Rain makes for dreadful harvest near Elgin

Martin Bridges is having a dreadful harvest at Moray Estates, Elgin, Morayshire, with torrential rain damaging crops and making the ground too wet to travel on.


“It’s absolutely awful,” he said. “On the Sunday following Hurricane Bertha I reckon we had four inches of rain in 12 hours, and we’ve had thundery showers ever since.”


Another 8mm of rain fell yesterday afternoon (17 August), and the forecast showed little sign of let up. “Some people’s crops have gone really flat. Ours hasn’t yet, but it’s really tangled and mangled.”


Mr Bridges had just finished combining winter barley and oilseed rape, and started in the spring barley as the weather broke.


See also: Prepare your farm business for life after CAP reform.


“We managed to cut 40ha of spring barley before the rain, and another 60ha on Saturday, so we’ve got another 344ha to go.


“The yields and quality are still good – it survived the initial deluge but it really needs to dry up now or we will start to see pre-germination,” he said. “At least it’s quite cold – 12Âş at the moment – which will slow that process down a bit.”

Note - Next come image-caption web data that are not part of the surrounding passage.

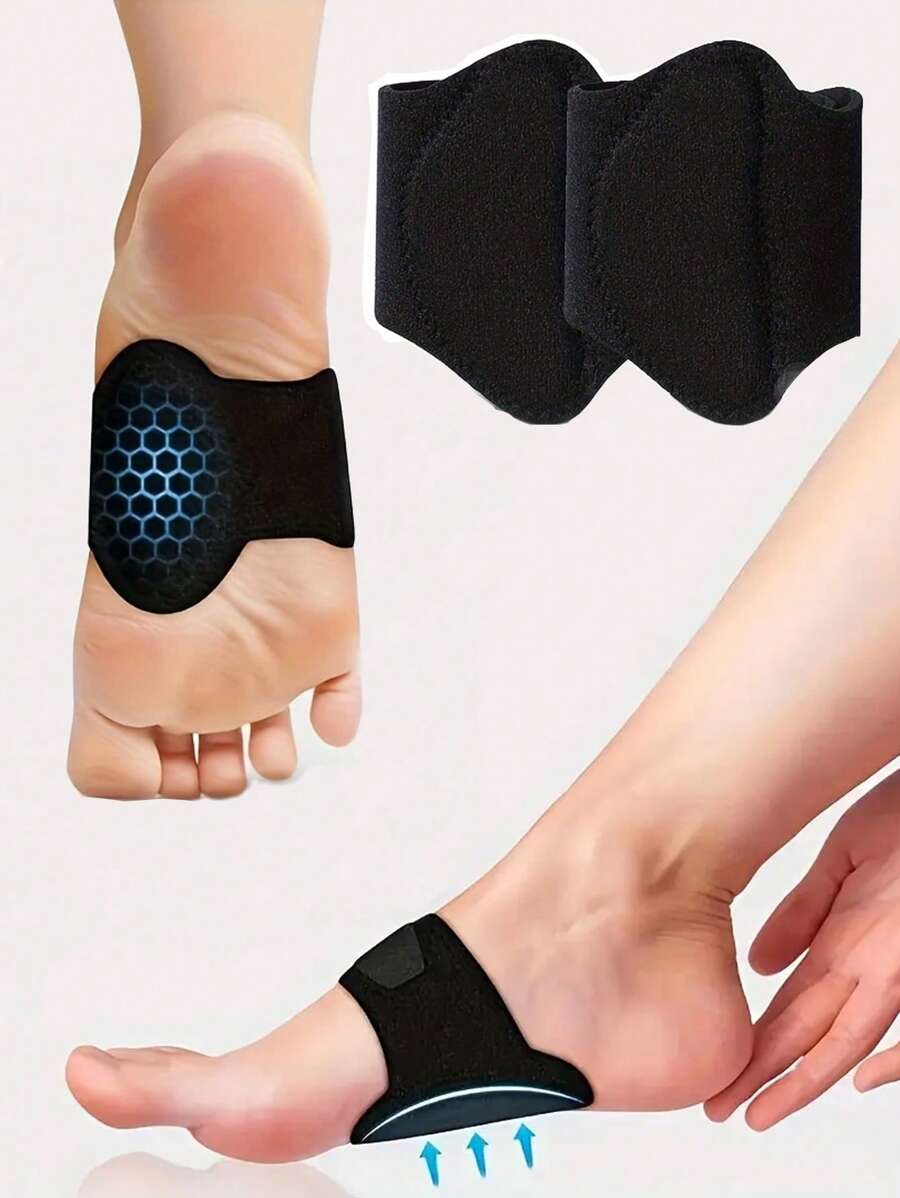 QKC 1 Pair Silicone Arch Support Pads, Foot Protector, Foot Care Cushion, Unisex, For Daily Casual Wear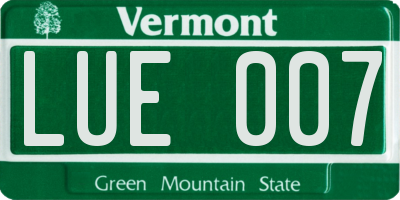 VT license plate LUE007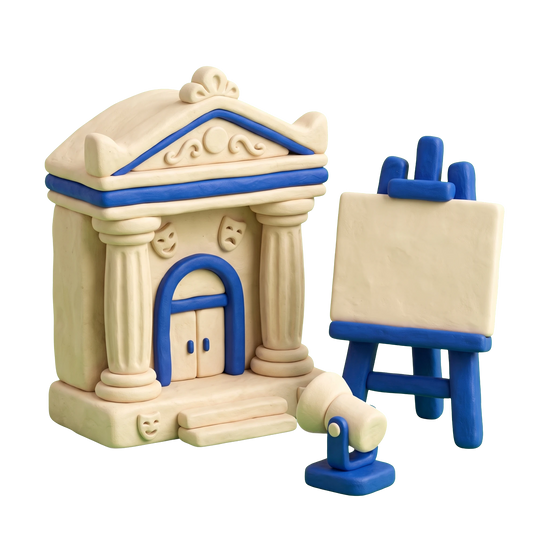 Arts organization illustration in blue and ivory clay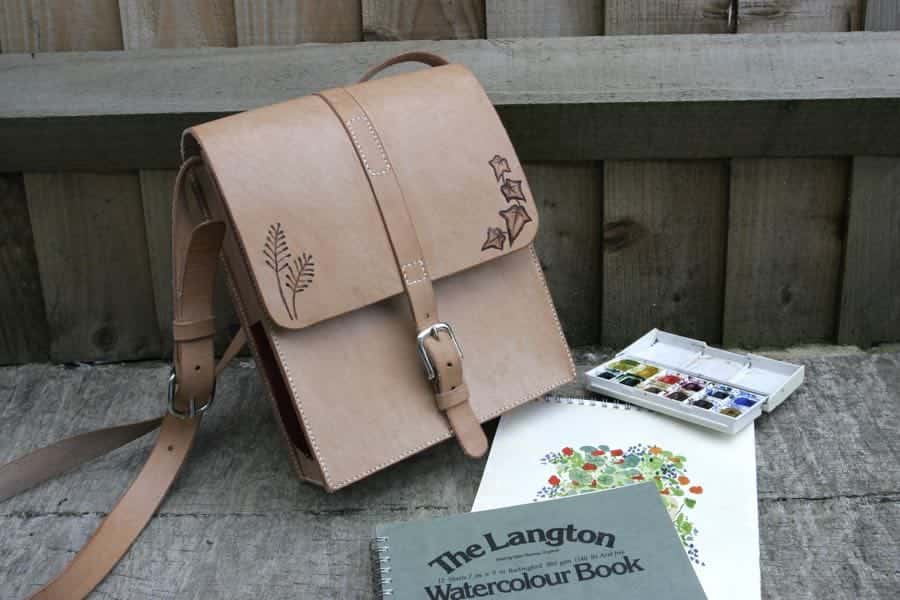 Leather artist's sketch bag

Expower, Compass and Temple oilseed rape had yielded very well, with Cracker proving the poor relation, added Mr Bridges. “Overall, the rape has averaged 4.7t/ha across 205ha, which is much better than normal.”


Volume winter barley was also pleasing, at about 7.9t/ha.


“We’re nearly halfway through harvest, and need a good two weeks to get up to speed,” said Mr Bridges. “We’re still two weeks ahead – normally we’d only just be starting spring barley now, so there’s still time as long as the weather bucks up.


“Unfortunately the rain came at just the wrong time – the wheat is on its knees and it’s too wet to cultivate stubbles. I’ve never known anything like it.”